* Dataset records *

+-------+

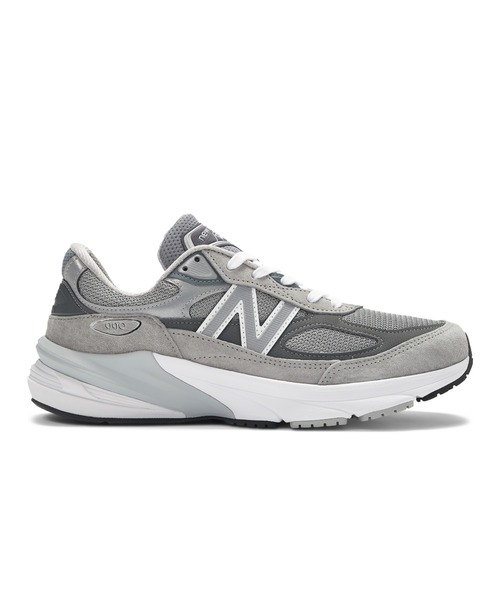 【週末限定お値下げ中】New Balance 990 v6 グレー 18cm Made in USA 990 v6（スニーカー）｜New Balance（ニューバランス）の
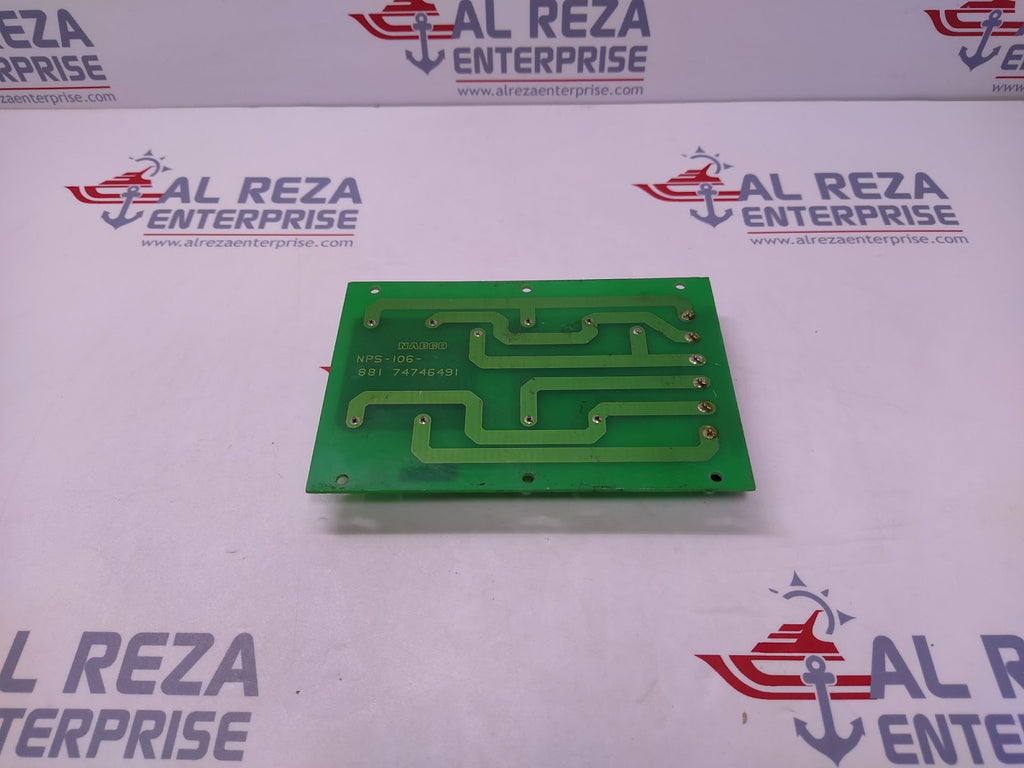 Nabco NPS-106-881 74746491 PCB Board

+-------+

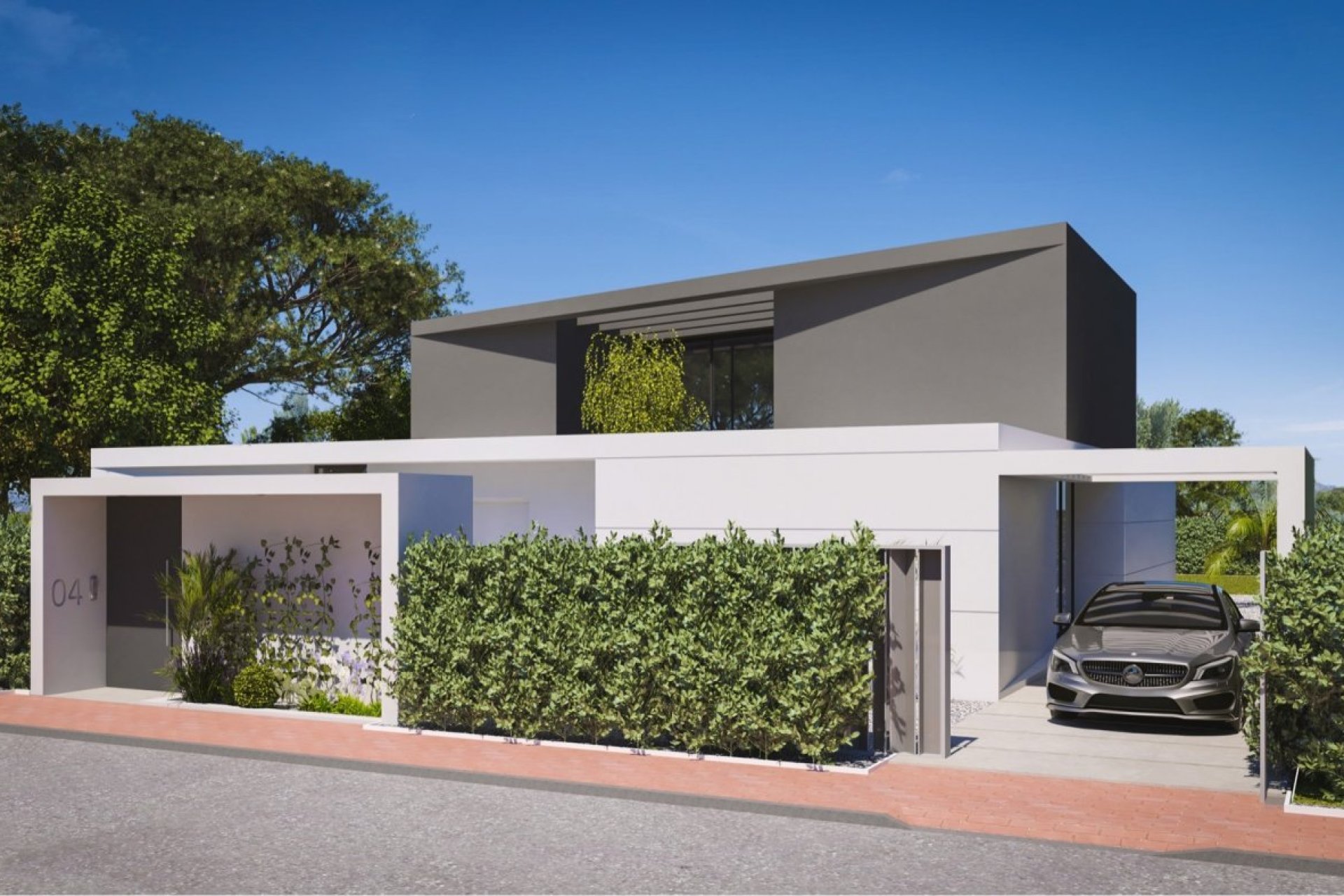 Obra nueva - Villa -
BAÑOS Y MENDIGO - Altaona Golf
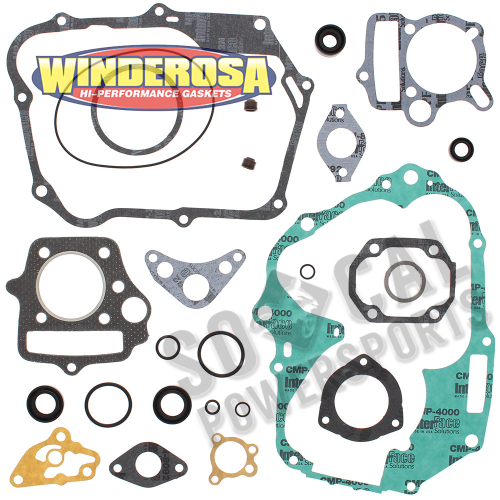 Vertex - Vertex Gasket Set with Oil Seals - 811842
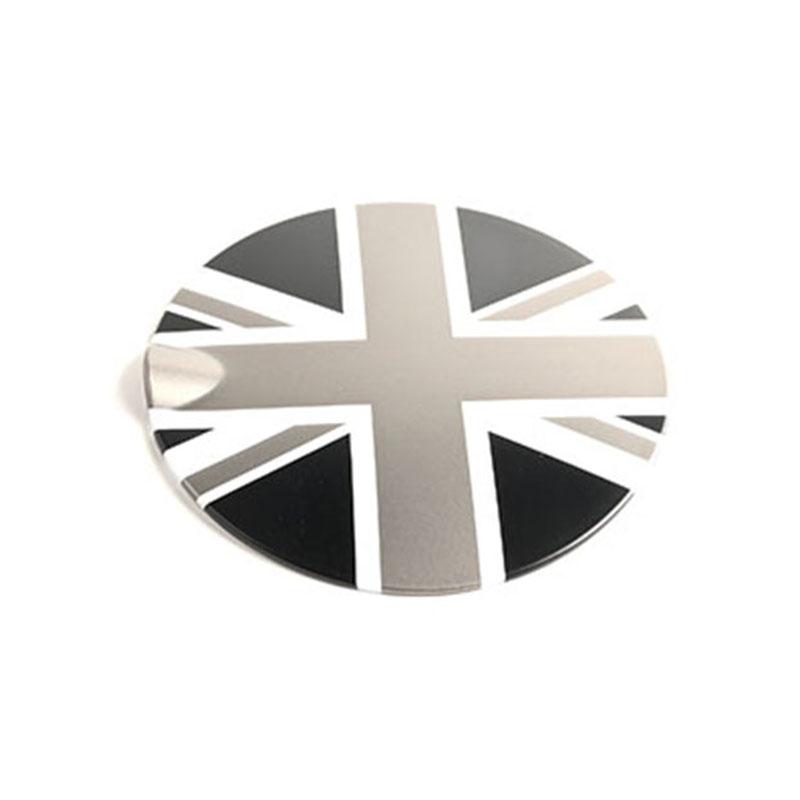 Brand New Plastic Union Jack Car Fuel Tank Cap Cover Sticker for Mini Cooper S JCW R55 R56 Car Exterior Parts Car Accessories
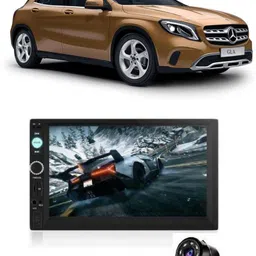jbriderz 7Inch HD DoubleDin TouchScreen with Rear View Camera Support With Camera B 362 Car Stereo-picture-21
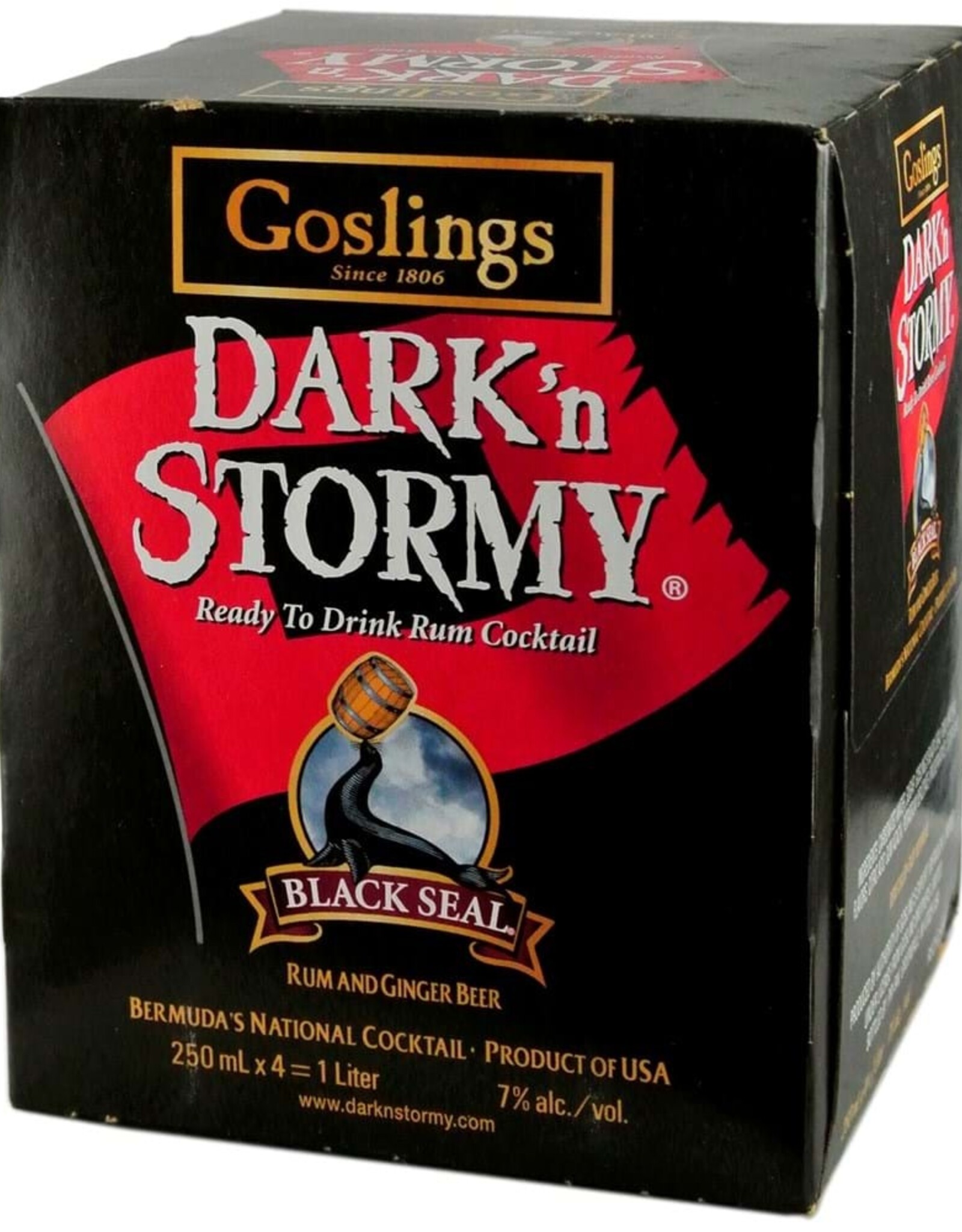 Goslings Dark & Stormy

+-------+

Copy only what lies between the line with "jbriderz 7Inch HD" and the line with "Goslings Dark & Stormy", those two lines included, exactly as given above; pictures stay out.

* Output *
jbriderz 7Inch HD DoubleDin TouchScreen with Rear View Camera Support With Camera B 362 Car Stereo-picture-21
 Goslings Dark & Stormy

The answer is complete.